TO DO:
Nothing in the data may be altered; the answer is a verbatim copy of it.

GIVEN MATERIAL:

※

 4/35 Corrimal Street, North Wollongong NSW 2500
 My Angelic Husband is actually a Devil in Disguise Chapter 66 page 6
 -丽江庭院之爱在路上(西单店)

※

SOLUTION TO THIS PROBLEM:
 4/35 Corrimal Street, North Wollongong NSW 2500
 My Angelic Husband is actually a Devil in Disguise Chapter 66 page 6
 -丽江庭院之爱在路上(西单店)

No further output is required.